4. How is the PMHNP role different from that of the emerging psychiatric physician's assistant?




So what to do now with a specialty eligible for the protected list?


* First, scientifically rigorous studies are needed to validate the differences between the psychiatric CNS and NP practice. The results then should be framed within the 3 established spheres of CNS influence to illustrate the differences in practice between psychiatric CNSs and psychiatric NPs. Psychiatric CNS competencies and curriculum guidelines should then emerge to guide educational programs in the same way NONPF guidelines guide psychiatric NP curricula.


* Second, actively reclaim turf that has been given up to other disciplines. Psychiatric CNSs need to reemerge as leaders, policy makers, and directors of mental health centers and units. Not until psychiatric CNSs can be viewed again more broadly beyond clinical practices that overlap with psychiatric NPs will their actual value be appreciated.


* Third, the LACE model itself recognizes the unique scope of practice of the CNS as distinct and separate from other APRNs. If the retirement of the psychiatric CNS examinations come to pass, how does the profession reconcile this disaffirmation? Does this not invite scrutiny of the commonalities between other CNS specialties and NP practice? Vigorous efforts to preserve the ANCC Psychiatric CNS examinations should begin based on these arguments. The ISPN, APNA, and ANCC should be contacted regarding the above via letter or e-mail. Membership in ISPN and APNA is important. If members disagree with the position that their organizations are taking on such key issues, then they need to communicate!


* Fourth, key elements of the CNS role need to be preserved. The blueprint for the advanced practice psychiatric nurse education contains elements that clearly have roots in CNS education. The legacy needs to be rightfully credited as CNS scope of practice and not assumed to have passed into the public domain.

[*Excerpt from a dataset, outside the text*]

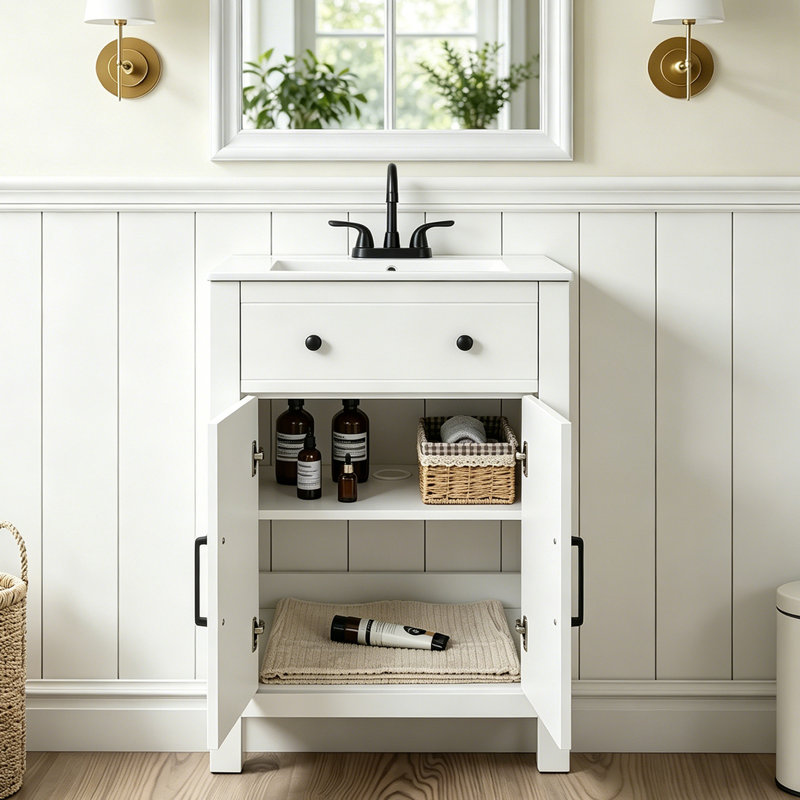Meuble-lavabo simple 24 po avec lavabo en céramique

The PMHCNS as envisioned and implemented by Peplau remains a crucial, viable, and relevant component in today's consumer-driven, recovery-oriented, and evidence-based2 mental healthcare. Individual consumers are able to obtain high-quality individual, family, and/or group therapy services. Psychiatric-mental health CNSs with prescriptive authority are able to offer pharmacological interventions, thus providing the consumer with the full scope of expert care. Organizations benefit from expert system consultation, and nurses receive unparalleled mentoring, education, and support for evidence-based practice. The mental health landscape is changing rapidly and becoming more challenging in terms of cost-effectiveness and efficiency of services, especially in community mental healthcare. Staffs are being asked to do more with less, and the more multiskilled one is the more invaluable. The future APRN providers and coordinators of mental healthcare will need to be adept in complex case management and systems navigation, in addition to serving as providers of psychopharmacological and psychotherapeutic interventions. Once clearly articulated, evidence and rationale exist for both the CNS and NP roles.16 The strength of the traditional psychiatric PMHCNS role is well suited for current and future challenges, particularly as applied to the struggling community mental health area.1 A provider who can serve in many capacities, such as within the myriad of traditional psychiatric CNS roles of program director, psychotherapist, case manager, medication prescriber/manager, research coordinator, grant writer, and clinical supervisor, would be an ideal match for these needs. The time has come to rescue this indispensable specialty role from the brink of extinction.